The community has pushed back at every point against Morgan building green “gateways” to the campus to secure its boundaries and entrances further, even going as far as putting a neighborhood marker at the core intersection of the campus. This marker has now been overshadowed by Morgan’s new bridge signage and logos on buildings so large they can be viewed from points close to Baltimore’s downtown area on clear days. Student housing, parking, and commercial revitalization efforts are all blocked by surrounding neighborhood associations, and while residents will attribute their stonewalling to an effort to secure their homes against urban sprawl, the lack of outreach to these neighborhoods starts with leadership.
Residents in the Morgan campus community will work against improved lighting in the area, increased police presence, more stores, and improved property values to maintain opposition against a campus and a president who refuses to see them as key stakeholders. A Morgan Mile program that years ago promised to address issues in a radius around campus has delivered little to improve educational, public health, and prosperity outcomes for the community. A strategic plan developed in 2022 and aimed at the next ten years of the university’s history does not address by name or idea work to develop the community around the campus other than an increased police presence off-campus.

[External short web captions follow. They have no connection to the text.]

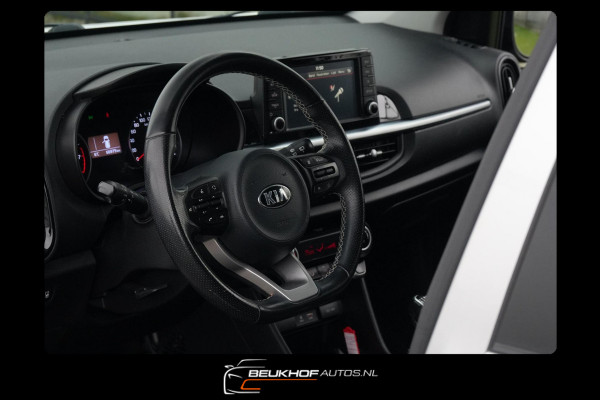 Kia Picanto 1.0 T-GDI X-Line Carplay Leer Xenon Stoelverwarming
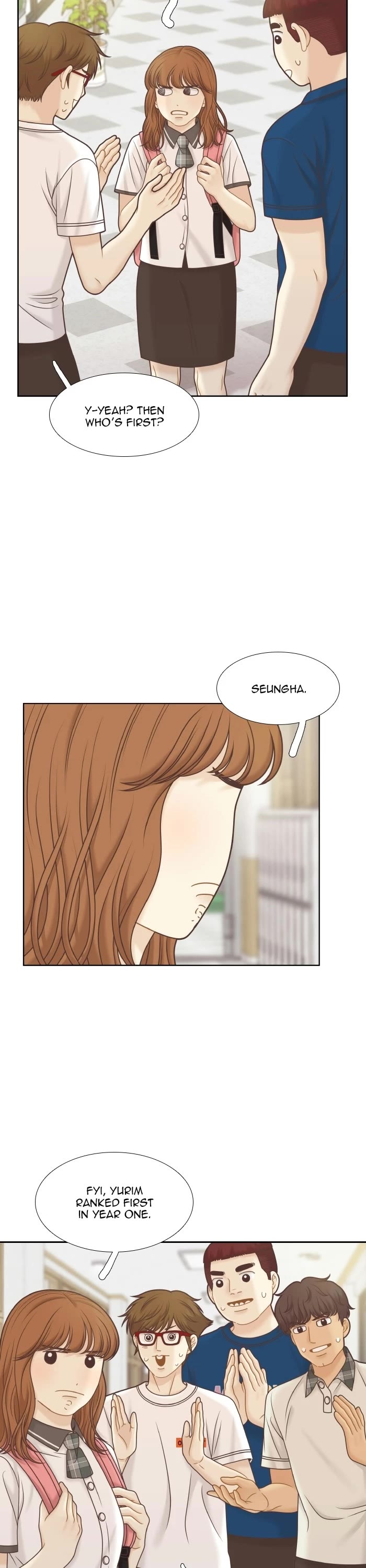 Girl's World chapter 325 page 22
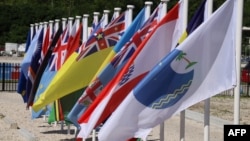 太平洋島國論壇成員國的國旗 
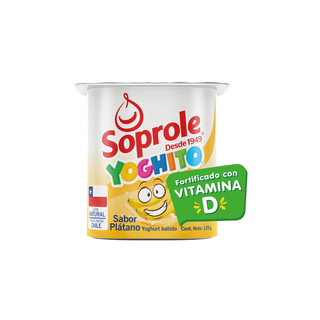 Yogurt Yoguito plátano 120 grs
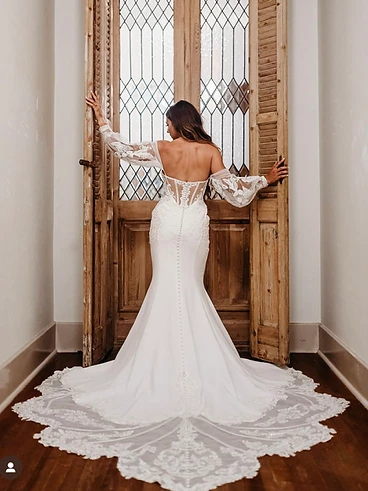 A moment before the walk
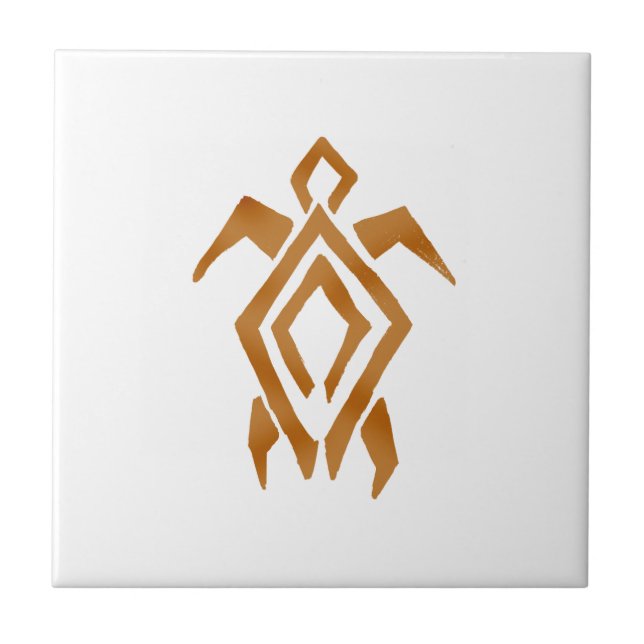 EIN ALTER FLIESE (Vorderseite)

City and state elected officials, including Democratic Maryland gubernatorial candidate Wes Moore attended homecoming this year, and after they left, every public safety talking point that matters in their speeches and appearances faded in the sunset. If Wilson does not engage the surrounding community, he must at least apply more public pressure on the Mayor’s office and the city’s lawmaking delegation to give Morgan the supported autonomy to protect students with much-needed, crime-deterring development in the surrounding area.
Fair Morgan is at the precipice of becoming an R1: Doctoral Research University with close to ten thousand students and a slate of new buildings and capacity, yet it’s plagued with on-campus violence unseen at any other HBCU nationwide and spurred by its next-door neighbors. It is time for Wilson, Mayor Scott, and the city at large to prioritize Morgan as an engine of culture and economic prosperity for the city before its progress and more Black lives are lost.